The same paragraph states that an entity may not simply designate prepayment risk as the risk being hedged for a financial asset unless it is represented by an embedded option in the hedged instrument.
 
Transactions whose risks are hedged for U.S. GAAP purposes are:
 
1. Available for sale fixed rate debt securities: this risk is hedged using interest-rate derivatives (interest-rate swaps through which the fixed-coupon of the bond is exchanged for a variable return).
 
2. Long term fixed rate debt issued: this risk is hedged using interest-rate derivatives (interest-rate swaps which replicate, on the collection leg, the payment resulting from the issue and transform it into a variable cost for the Bank).
 
3. Foreign currency of a net investment in a foreign subsidiary: the risk of a net investment in a foreign operation is exchanged for the currency in which the investment is denominated.
 
4. Available for sale equity securities: this risk is hedged using equity swaps through which the risk of variation in the price per books of the portfolio is transferred to the counterparty.
 
5. Fixed rate loans: this risk is hedged using interest-rate derivatives (interest-rate swaps through which the fixed-coupon of the loans is exchanged for a variable return).
 
6. Floating interest rate loans in foreign currencies: this risk is hedged using currency swaps.
 

7.2. Accounting for Derivative Instruments and Hedging Activities
 
Under SFAS 133 the accounting for changes in fair value of a derivative instrument depends on its intended use and the resulting designation.
 
If the derivative is designated as a fair value hedge, the changes in the fair value of the derivative and the hedged item attributable to the hedged risk are recognized in earnings.
 
If the derivative is designated as a cash flow hedge, the effective portions of changes in the fair value of the derivative are recorded in Other Comprehensive Income and are recognized in the income statement when the hedged item affects earnings.
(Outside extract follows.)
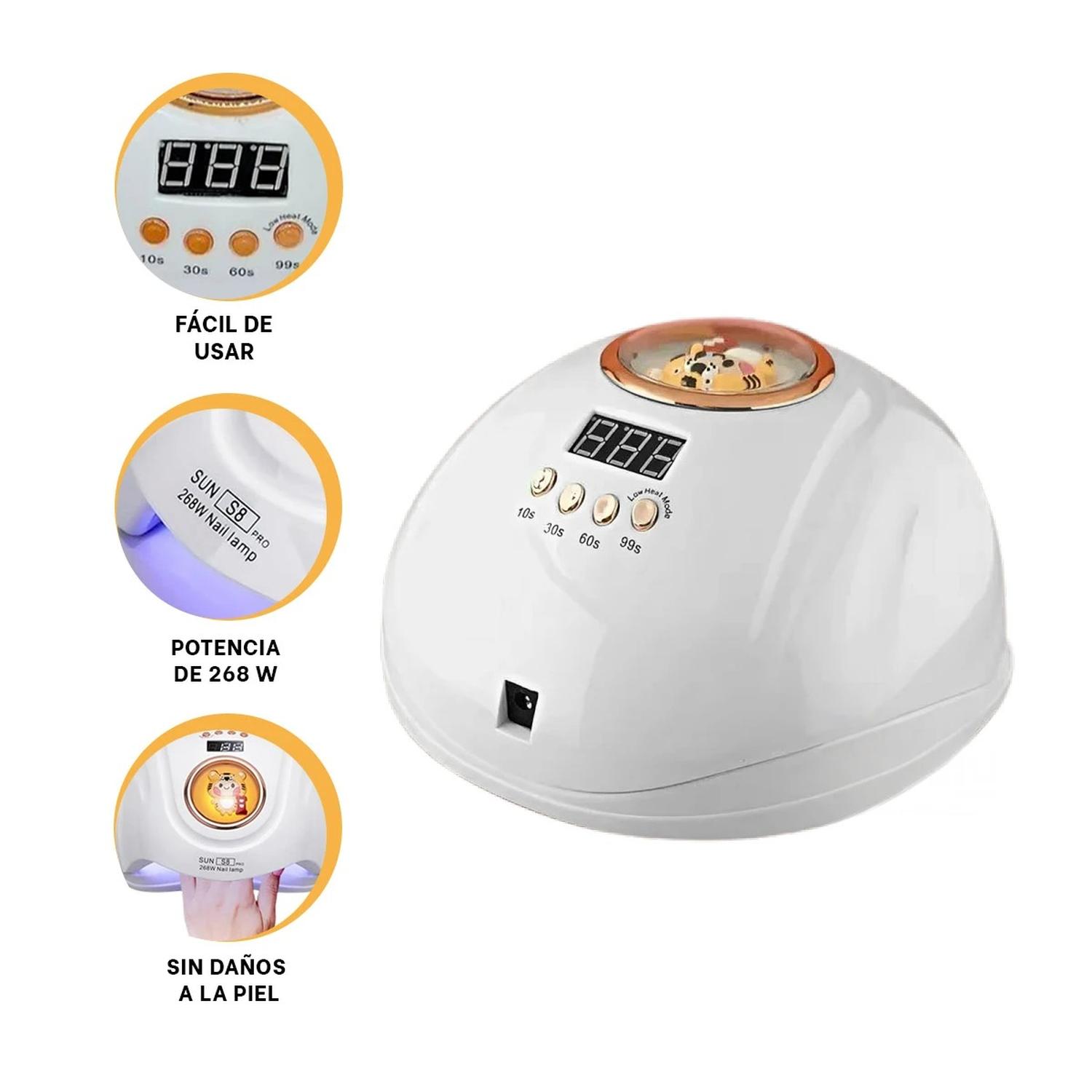 PACK6 EQUIPO LED 2 EN 1 SUN S8 PRO BLANCO PARA UÑAS GEL DISENO TIGRE PROFESIONAL Y+PAPEL REGALO - 6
Ineffective portions of changes in the fair value of cash flow hedges are recognized in earnings.
 
The gain or loss on a hedging derivative instrument that is designated as, and is effective as, an economic hedge of the net investment in a foreign operation is reported in the same way as a translation adjustment to the extent it is effective as a hedge. The ineffective portion of net investment hedges is reported in earnings.
 
Hedging transactions must be formally documented, designated and the company must describe the way the effectiveness is going to be assessed.
 
On the other hand when the derivative is designated as a trading transaction the changes in the fair value must be recognized in earnings.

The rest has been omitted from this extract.